If you give notice to enter and the tenants consent, fine.
If you give notice to enter, and the tenants don't reply... questionable. If they've always previously agreed, you may have grounds that this suggests implied permission to enter (especially if it's in the contract they signed, which may demonstrate assent even though it's not enforceable), but it's not set in stone and most decent landlords would make alternative attempts to contact the tenant. The tenants can't be one missed email/letter/voicemail from you entering the property without their knowledge or consent.
If you give notice to enter, and the tenant says: not on that day, or not unless I can be there, then you can't enter and need to find a compromise. To just overrule the tenant's stated wishes would be very unwise, even for a gas safety check. Again: laws and covenants can contradict each other (in this case you're legally obliged to do the gas safety check, but legally unable to force access), so it's about finding a workable solution.
If you give notice to enter and the clients continually refuse or obstruct, you need to take further legal steps. This still doesn't mean you can just let yourself in. Maybe, if it came to court, you wouldn't be prosecuted, but that's not a given.
Where there are contradictory covenants, you can't just pick the one which suits you. You have to see how the law is interpreted; currently, it's considered that entering against a tenant's wishes is a serious mistake, and that the covenant you quoted is not reasonable defense in a non-emergency situation. Your opinion that nobody would uphold a civil complaint about you entering without permission, because it's for a gas safety check, does not fully reflect the legal reality. The HSE gives a suggested course of action for uncooperative tenants - but it doesn't say hey, they're being silly, of course you can let yourself in.
Yes - tenants who won't allow gas inspections at all are being very difficult and acting against their own interests. If all else fails, a landlord could take legal measures to get access (an injunction, I think? or a warrant of entry, if it's a council property), or terminate the contract at the soonest legal point, or sue the client for damages resulting from lack of access. All liability for gas-related injuries, even death, would arguably lie with the tenant, if the landlord can prove they've taken all possible reasonable steps to inform the tenant of how vital the gas safety inspection is, and repeatedly tried to find an acceptable course of access, and probably co-opted neutral third party help (the gas company?) to tell the client this really is vital.
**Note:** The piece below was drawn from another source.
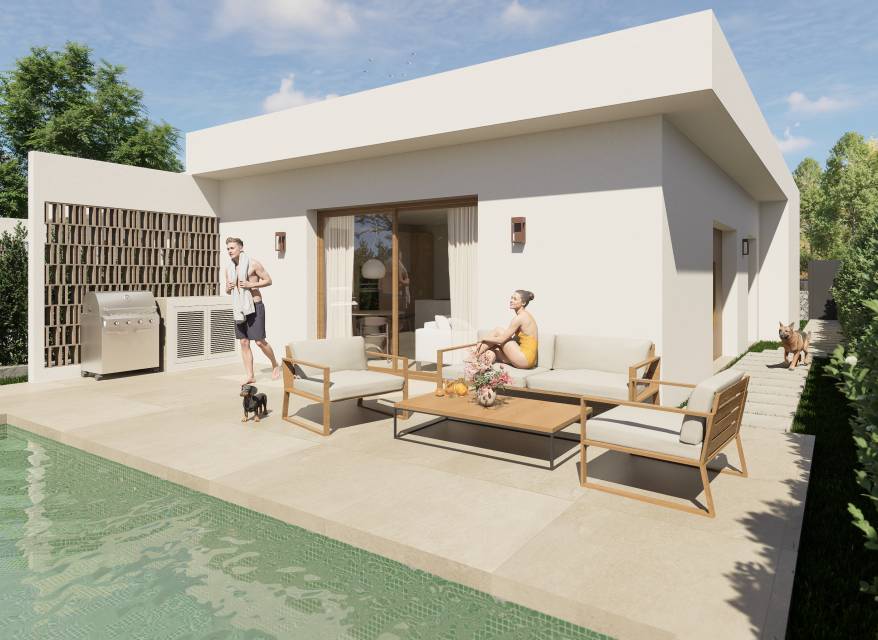 Nieuwbouw - Villa - Los Montesinos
But none of that means the landlord can just enter, even if they think the tenant's being ridiculous/mad/difficult. Your opinion on their behaviour has no bearing on the legal situation. If you just google 'landlord access for gas safety check' you'll see so many landlord-oriented sites and legal blogs describing how complicated and frustrating this situation can be when a landlord has a completely uncommunicative or hostile tenant.
A tenant who will permit access under certain conditions is not uncommunicative or hostile, however irritating you find them.
(Apologies for the long post, but access is complicated and there's no way I can say either 'yeah, landlords can give notice and go ahead, no problem!' or 'no, tell your landlord to bugger off, end of!'.)